▶ Work request:
Omit the images and return the remaining entries unchanged.

▶ Given data:

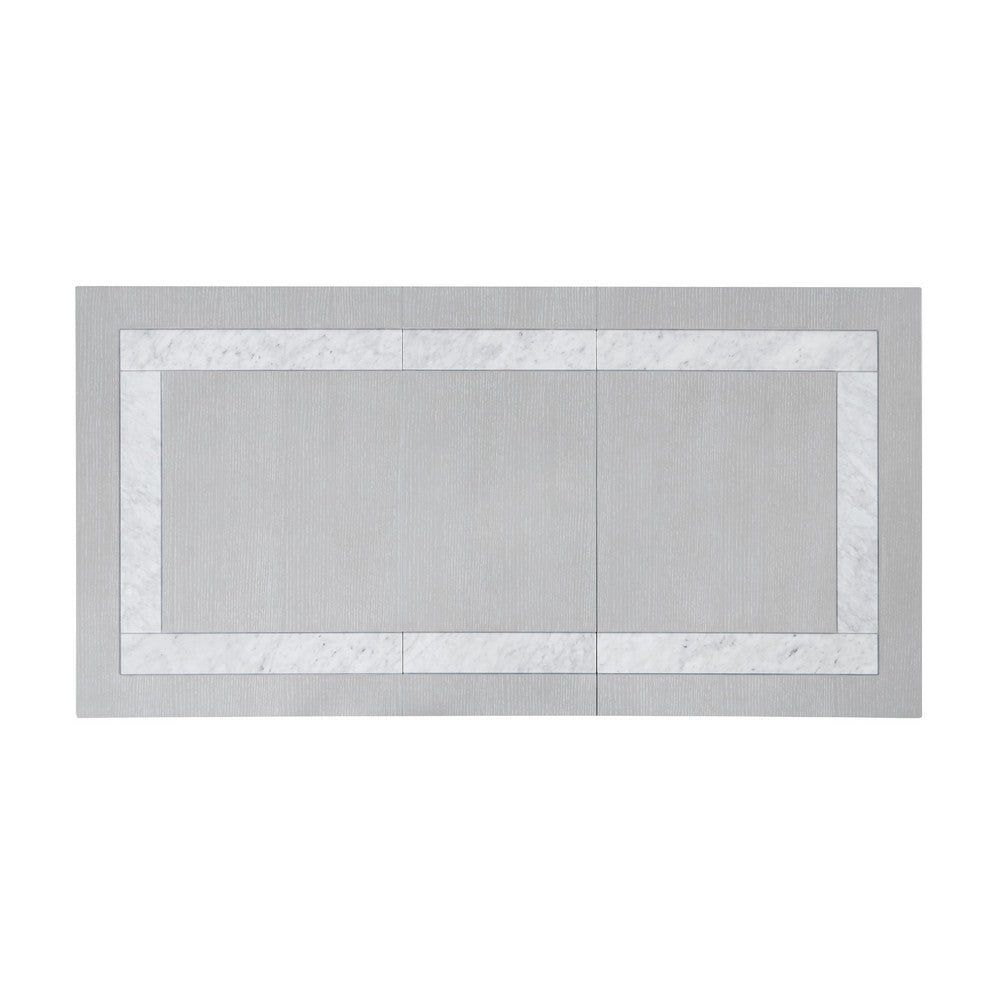 Ion Dining Table | Gray Rubberwood | White Marble Inlay | 78-102"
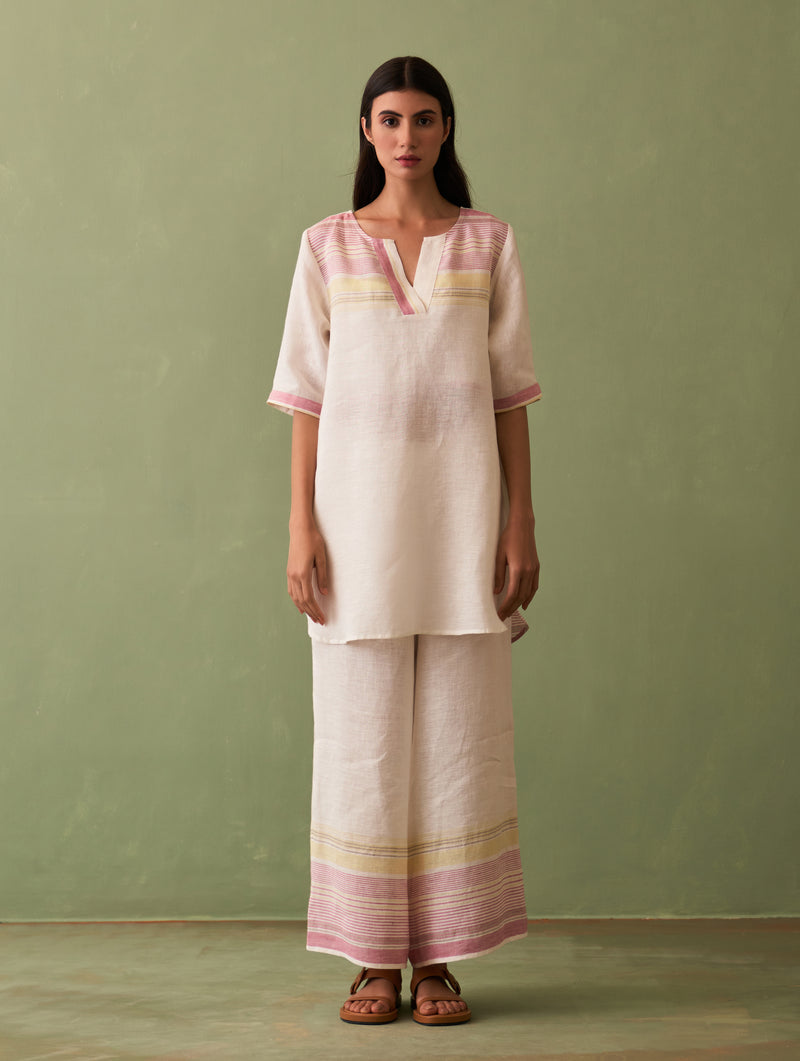 Zuri Border Linen Kurta Set - Ivory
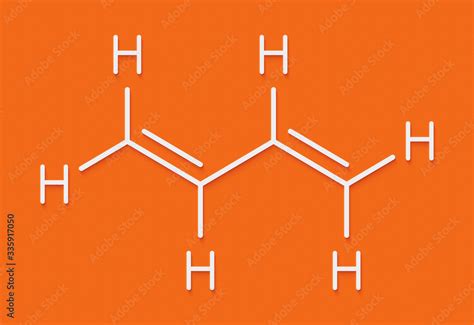 Butadiene (1,3-butadiene) synthetic rubber building block molecule ...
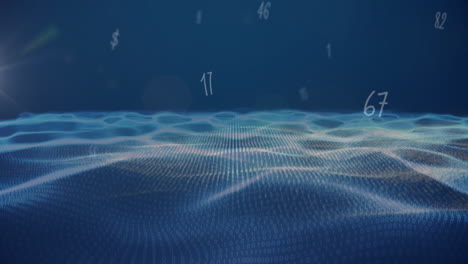 animación de números y puntos sobre fondo azul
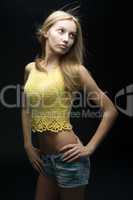 Girl at black background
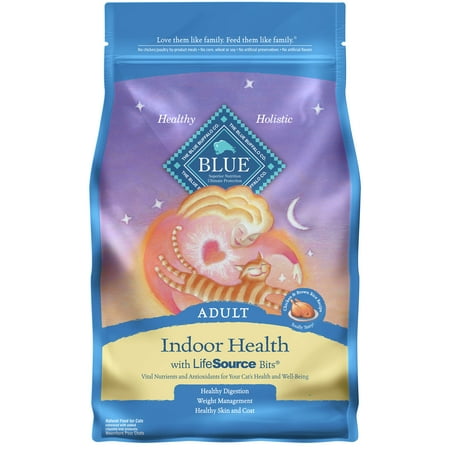Blue Buffalo Indoor Health Chicken and Brown Rice Dry Cat Food for Adult Cats, Whole Grain, 2 lb. Bag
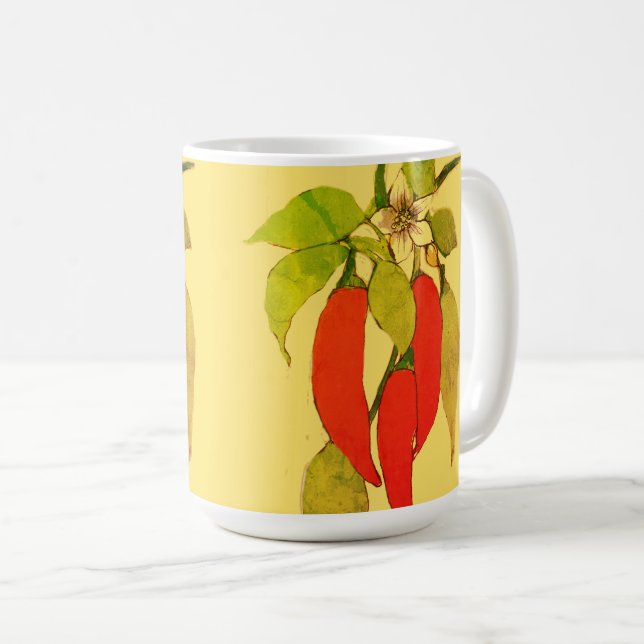 Mug Les poivrons rouges au chili sur la fleur de vigne (Devant droit)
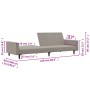 2-Sitzer-Schlafsofa aus hellgrauem Samt von , Sofas - Ref: Foro24-375737, Preis: 242,99 €, Rabatt: %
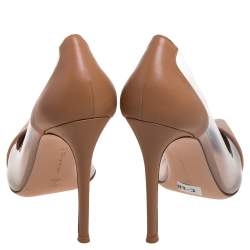 Pre Owned Gianvito Rossi Beige Leather And PVC Plexi Pointed Toe Pumps Size 40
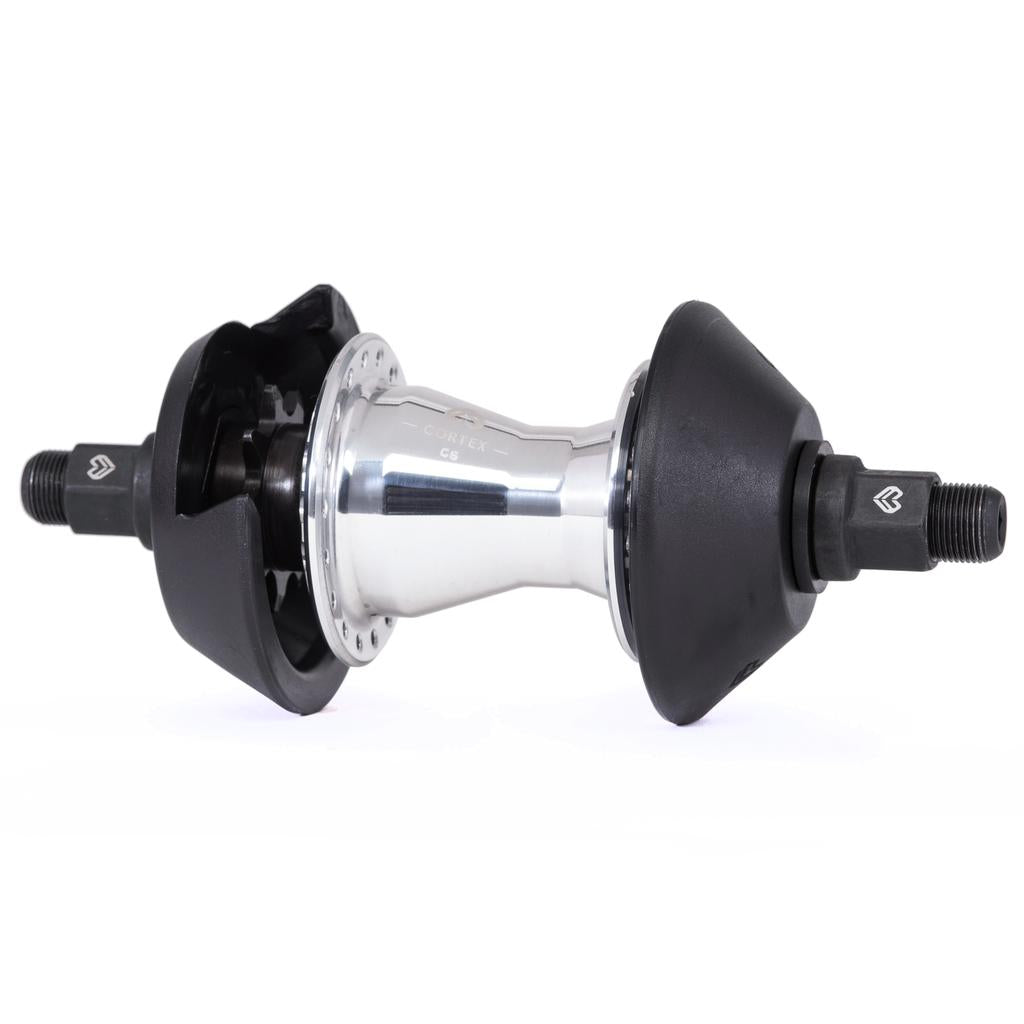 The Eclat Cortex EVO CS Rear Cassette Hub is a chrome BMX street hub with black hub guards on both sides, built for axle pegs and heavy-duty performance.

▶ Written solution:
 Ion Dining Table | Gray Rubberwood | White Marble Inlay | 78-102"
 Zuri Border Linen Kurta Set - Ivory
 Butadiene (1,3-butadiene) synthetic rubber building block molecule ...
 animación de números y puntos sobre fondo azul
 Girl at black background
Blue Buffalo Indoor Health Chicken and Brown Rice Dry Cat Food for Adult Cats, Whole Grain, 2 lb. Bag
 Mug Les poivrons rouges au chili sur la fleur de vigne (Devant droit)
 2-Sitzer-Schlafsofa aus hellgrauem Samt von , Sofas - Ref: Foro24-375737, Preis: 242,99 €, Rabatt: %
 Pre Owned Gianvito Rossi Beige Leather And PVC Plexi Pointed Toe Pumps Size 40
 The Eclat Cortex EVO CS Rear Cassette Hub is a chrome BMX street hub with black hub guards on both sides, built for axle pegs and heavy-duty performance.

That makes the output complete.